Impraticabili, poi, anche i marciapiedi della città e le rampe in discesa nei parcheggi pubblici del centro, tant’è che si è levata alta anche la voce del Comune di Sondrio che ha inviato una contestazione formale a Secam Spa, la società per l’ecologia e l’ambiente che ha in carico il servizio di sgombero neve e sabbiatura di strade ed aree pubbliche.
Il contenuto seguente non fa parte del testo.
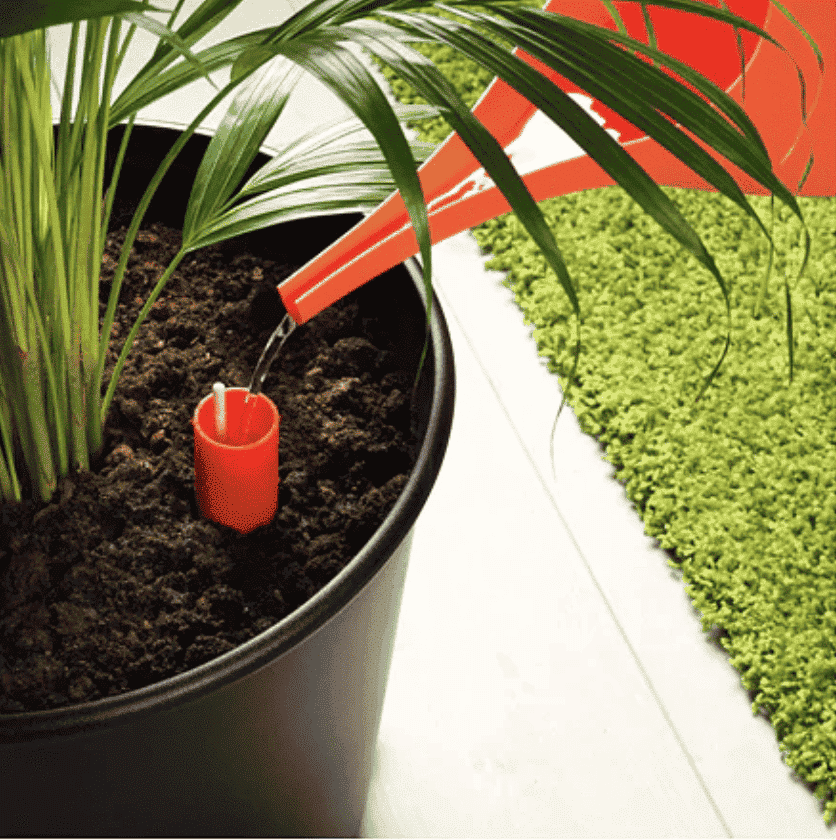 How to use a self-watering planter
«A seguito della modesta nevicata, peraltro annunciata dalle previsioni – scrivono in una nota stampa dal Comune di Sondrio –, il mancato spargimento di sale e sabbia, né in ottica preventiva né durante le precipitazioni, ha causato forti disagi alla circolazione stradale. In particolare sul tratto urbano della panoramica dei Castelli, ma problemi si sono verificati anche a Colda e a Ponchiera. È urgente intervenire in modo efficace sui marciapiedi, secondo quanto disposto nel capitolato nel quale sono elencati gli impegni assunti da Secam. I disservizi evidenziati saranno valutati sotto il profilo delle responsabilità contrattuali».
Oggi la temperatura non è salita sopra i 3 gradi a Sondrio, con minima a -3. Domani e domenica il meteo migliorerà unitamente alle temperature e tornerà il sereno. Certo, per le località sciistiche la pur poca neve arrivata è stata una benedizione utile a conferire un aspetto invernale al paesaggio, perché, per il resto, tutta la neve sulle piste è artificiale.